Hemel Hempstead Water Gardens 1957-59 Geoffrey Jellicoe



Hemel Hempstead Water Gardens 1957-59 Geoffrey Jellicoe

Introduction

The water gardens lie in the centre of Hemel Hempstead. They are of linear plan-form and have an irregular shape. They are an early instance of allegory and the sub-conscious being incorporated within landscape design. There are several water features including a canal, a fountain and a weir. A further feature is an area of planting laid out by Susan Jellicoe (Edwards, 1994).

The Water Gardens were designed between 1957 and 1959 by Geoffrey Jellicoe. Associated planting was by Jellicoe's wife, Susan. Civic Water Gardens 1957-9 was designed by Geoffrey Jellicoe as part of the new town development of Hemel Hempstead, also master-planned by Jellicoe in 1947 (Buteux, 2005).

Context and Background

After the Second World War, the government designated Hemel Hempstead as one of the sites of its New Towns Programme which was intended to re-house Londoners who had been left homeless by the Blitz. Architect and Town Planner, Geoffrey Jellicoe (1900-1996) was commissioned in 1947 to devise a Masterplan for the new town of Hemel Hempstead, for which his vision was a 'city in a park'. A key component of the planned new town's centre were the Water Gardens designed between 1957-59 by Jellicoe. The original drawings survive and show how he envisaged the site's layout. Jellicoe's intention was to create a place for pleasure and relaxation, by way of a sophisticated, well-arranged linear public park to create certain illusions and impressions (Edwards, 1994).

Hemel Hempstead Water Gardens is one amongst a number of Jellicoe's earlier schemes designed in the 1950s, which share many of his distinctive signature characteristics, such as canals, weirs, bridges, viewing platforms and associated planting by Jellicoe's wife, Susan. They have been subject to some minor alteration and changes in the 1980s including the construction of a screen wall and a children's play area on the north-western corner (Buteux, 2005).

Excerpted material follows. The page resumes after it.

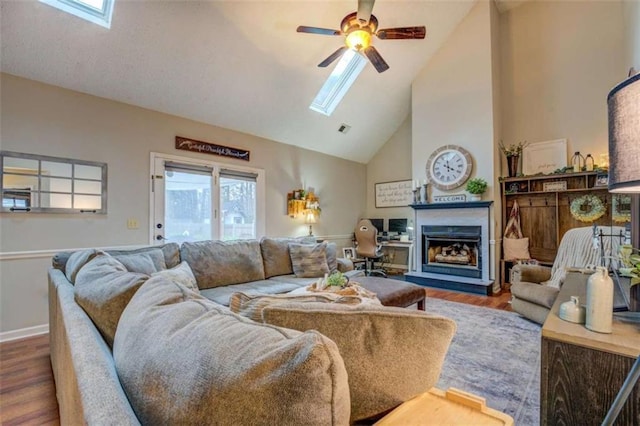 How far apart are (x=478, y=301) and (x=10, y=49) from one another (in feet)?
19.3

The Water Gardens are an early instance of allegory and the sub-conscious being incorporated within landscape design, and a theme that featured in Jellicoe's subsequent work. Taking inspiration from the painter Paul Klee, whose works drew upon the comparatively new science of aerial photography, Jellicoe had the idea of concealing a ghost within the visible. When viewed in plan or from a distance, Jellicoe's design suggested the form of a snake, the tail curving away around the berm at the northern end of the gardens, the head with the fountain for its eye to the south, and the gently cascading weirs suggesting the snake's locomotion. The inclusion of the invisible within the visible is a documented aspect of Jellicoe's work which gives distinction and interest. In the case of the Water Gardens, the 'ghost within' gives the scheme an additional layer of intellectual and artistic intent that elevates it to something that is more than merely practical landscaping, contributing to its special interest.

The overall project, provided by Jellicoe, was only established the transformation of the watercourse and the adjacent land ...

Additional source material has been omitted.